Son las que suma la edición de Crimen y Castigo que ya descansa en mi mesa y que pasará a su lugar en la estantería tras colgar estas letras en este rincón azul. Son setecientas y una páginas de emociones y convulsiones, de angustias y remordimientos, de pesadillas y contrariedades. Había esperado mucho tiempo para leer esta gran novela, había esperado a estar en un momento vital de apacible ánimo para saborearla capítulo a capítulo, consciente de que me reservaba el regalo de esta historia: las dudas y elucubraciones por el crimen y el castigo de la mano de Raskólnikov y la condición humana de las diversas escalas sociales en la pintura de personajes del San Petersburgo del XIX. Ahora comprendo por qué ha permanecido a lo largo de los siglos: el remordimiento del protagonista es el núcleo sobre el que se construye la acción, la imposibilidad de ser alguien mínimamente relevante en la escala social deriva en un crimen que, en manos de otros, en manos de los poderosos, es aceptado de buen grado y hasta jaleado si se trata de grandes guerras o grandes batallas (no he podido evitar pensar en Bush, en otros presidentes que actualmente dejan correr la sangre y son tomados por héroes). ¿Acaso no es la misma ruindad? ¿Acaso no es deleznable el crimen sea cual sea su origen y su alcance? ¿Acaso no es injustificable aún hoy la pena de muerte que sigue vigente en tantos lugares del mundo?
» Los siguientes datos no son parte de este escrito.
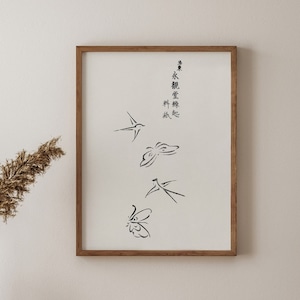 Taguchi Tomoki Print, Butterflies and Birds, Animal Art, Birds, Black and White Print, Vintage Woodblock Print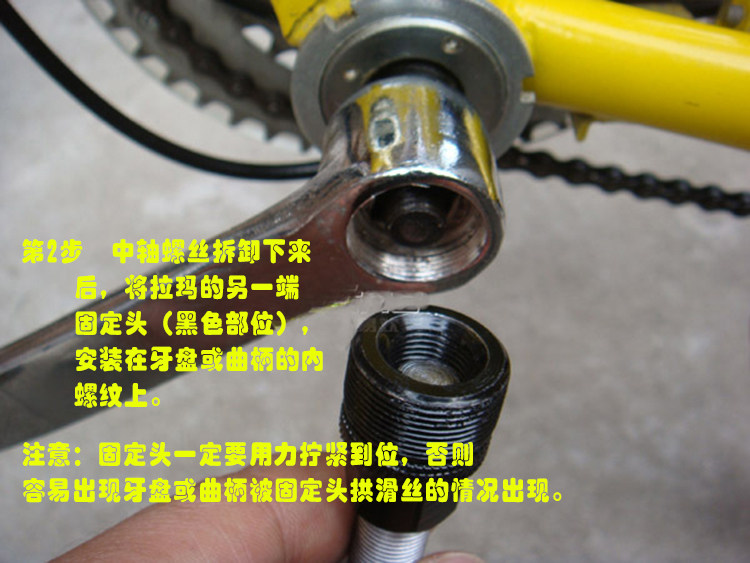 Outils pour vélo - Ref 2279309 Image 4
La acción pobre y mísera de un alma conduce al protagonista a la desesperación, a la enajenación, al presidio, a la fría Siberia (como le sucedió al propio Dostoievski). Hay novelas que un hombre no debiera dejar de leer; esta es, sin duda, una de ellas. No por la culpa, no por el castigo, sino por la redención: la puerta abierta a una nueva luz, a un nuevo amanecer de la condición humana, dejan un hilo de esperanza que se centra en el sentimiento más noble y puro que hay entre los hombres: el amor.

Cuesta creer que pudiera escribir esta novela por la mañana, mientras por la tarde escribía El jugador, acuciado por las deudas contraídas para la manutención de la prole… ¡Qué genio y qué ingenio el del Señor Fiódor Dostoievski!